Since the domestic onset of the COVID-19 pandemic last March, logistics providers and freight brokers have had to deal with two extremes in the market — and in short succession.

In the initial economic fallout in the first few months of the pandemic, freight volumes sank, and so did per-mile rates. There simply weren’t enough loads to go around for all of us who make a living moving freight, and the slowdown happened so fast, we were all left searching for answers.

At least I know here at Circle Logistics, we weren’t immune to that sudden freight vacuum.

But then as the recovery gained steam, freight volumes hit a warp speed, seemingly making up for lost time last spring and due to consumers spending money on hard goods rather than services or entertainment.

Behind that pendulum swing, logistics providers this year have faced a tall task in keeping up with the demands of their shippers. There’s been a dearth of transportation capacity, and 3PLs have often had to book loads at a loss to make sure we take care of our shippers.

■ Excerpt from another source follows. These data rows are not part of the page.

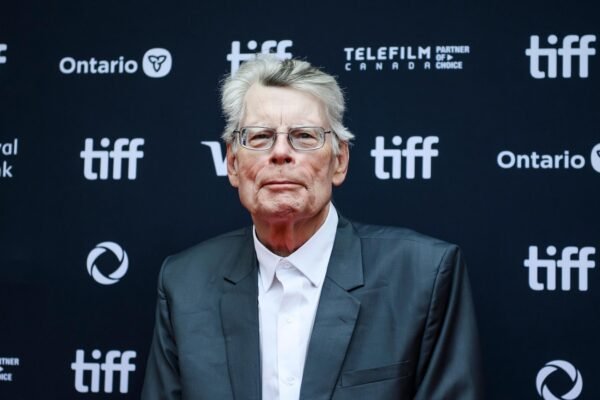 Stephen King in 'The life of Chuck', the end of the world and, yes, joy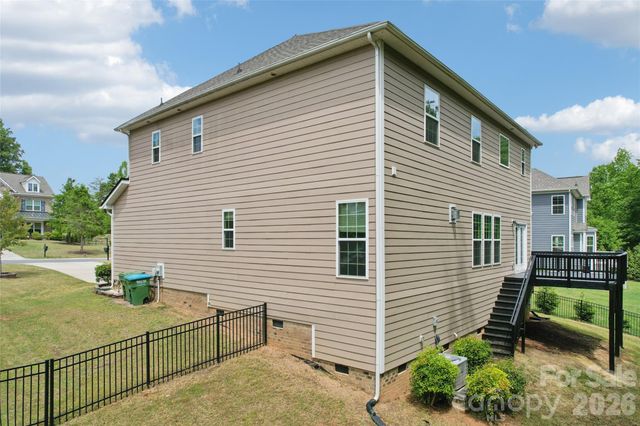 717 Laurel Oaks Court, Fort Mill, SC 29715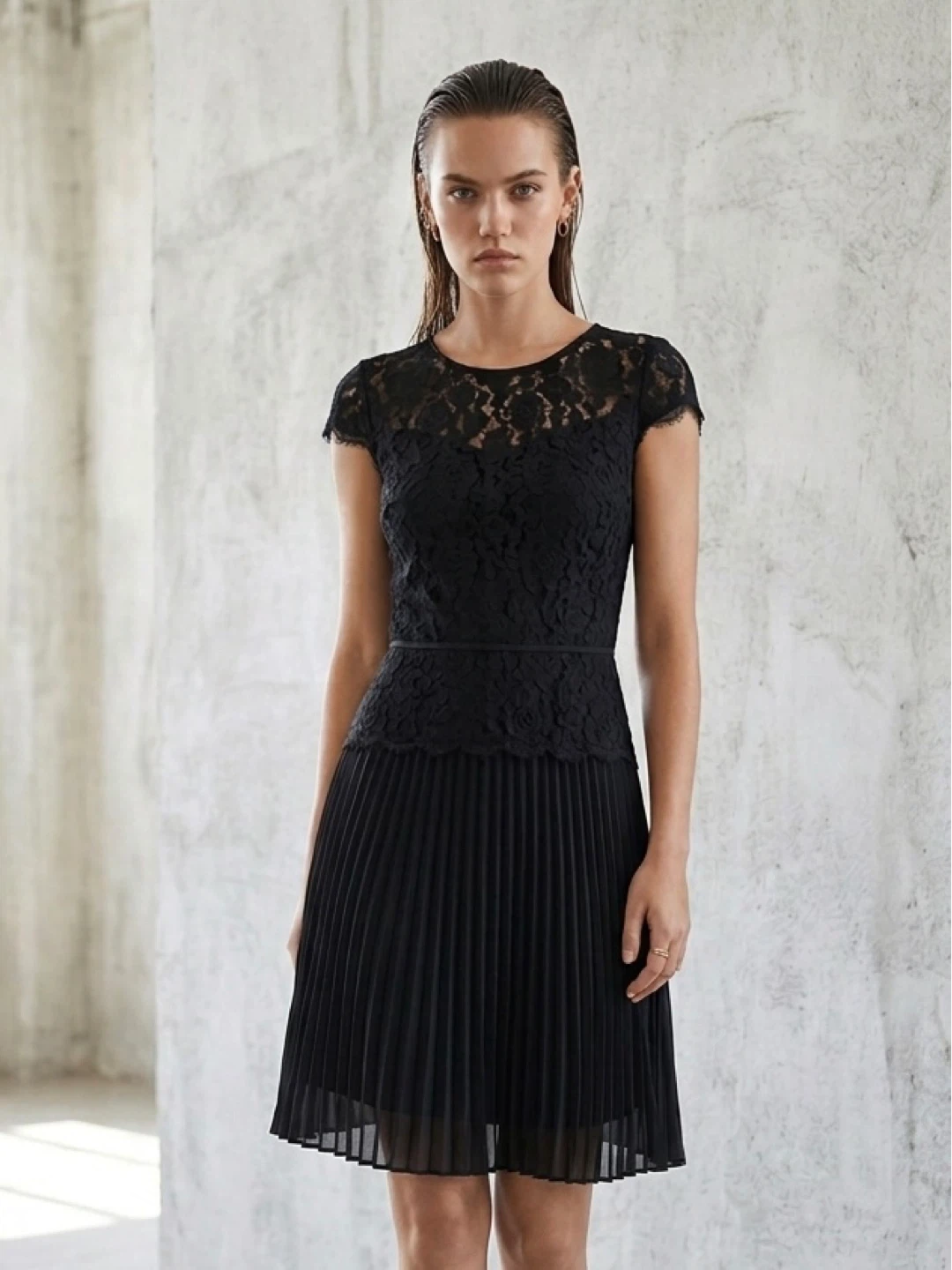 New Adrianna Papell Black Lace & Pleated Dress - Size 2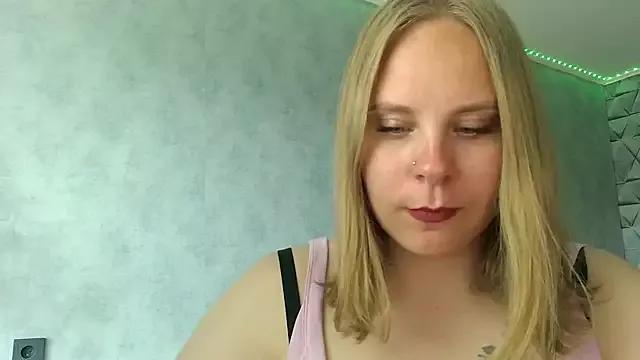 Thalia__Star from StripChat is Freechat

Between freight volumes slamming the brakes in spring of 2020 and then mashing the throttle this year, I’m sure we as an industry will glean many lessons from the trials we’ve weathered.

But there’s a fundamental lesson staring us in the face right now: We have to pivot our industry away from transactional deals and work to create real, trusted relationships with each other.

This involves all of us — shippers, brokers, and carriers. We’re at a precipice in the logistics industry, and it’s incumbent upon all of us to heed the requirements of this new world. That starts with ditching the old ways and forging a path in which mutually beneficial relationships rule, and in which we utilize those relationships to help manage the current crisis and any future events that occur.

For freight brokers and 3PLs, first and foremost, this starts with shedding the label of a freight  industry “middleman.” That might have been true of yesteryear’s freight broker. You know the type — the guy at a desk working a big landline phone with four or five different lines connected into it. But it absolutely cannot be true of a modern logistics provider.

We need to be viewed as a valued, trusted source of market information and trucking capacity by our shipper customers. And we must be viewed as a business partner of our carriers — a sales team working to find loads that fit their lanes and rates, a dispatcher trying to get them backhauls, and someone who they’d turn to for a load over taking a chance on a random broker from a loadboard, even if it pays a little better.

By building these relationships on both sides, you can ward off the situation where shippers try to pit 3PLs and brokers against each other in negotiations. Or the situation where you try to squeeze a carrier for a few pennies a mile on a one-and-done load and then find you need their service a few weeks or months later for a different load.

Will every freight transaction be this way? Of course not. Logistics providers still have to turn to loadboards to find carriers, and carriers will still have to utilize some one-time deals to reposition or simply keep the wheels turning.

Also, shippers’ procurement managers will still mostly be working to find transportation services at the best cost for their company. They still have a boss to answer to, too.

But what I hope has become a stark realization during these turbulent times is that we’re all in this business together, for better or worse. Shippers need their freight hauled. Carriers need loads to move to keep their operations afloat and their bills paid. And freight brokers and 3PLs, more than ever, are the conduit to bridge those two parties’ needs.

In an 18-month span which has seen both ends of the spectrum — carriers unable find loads at sustainable rates and shippers unable to find capacity — the new calling for freight brokers has been laid bare: We must work to build the relationships that keep goods moving and keep the supply chain chugging. Anything less is a step in the wrong direction.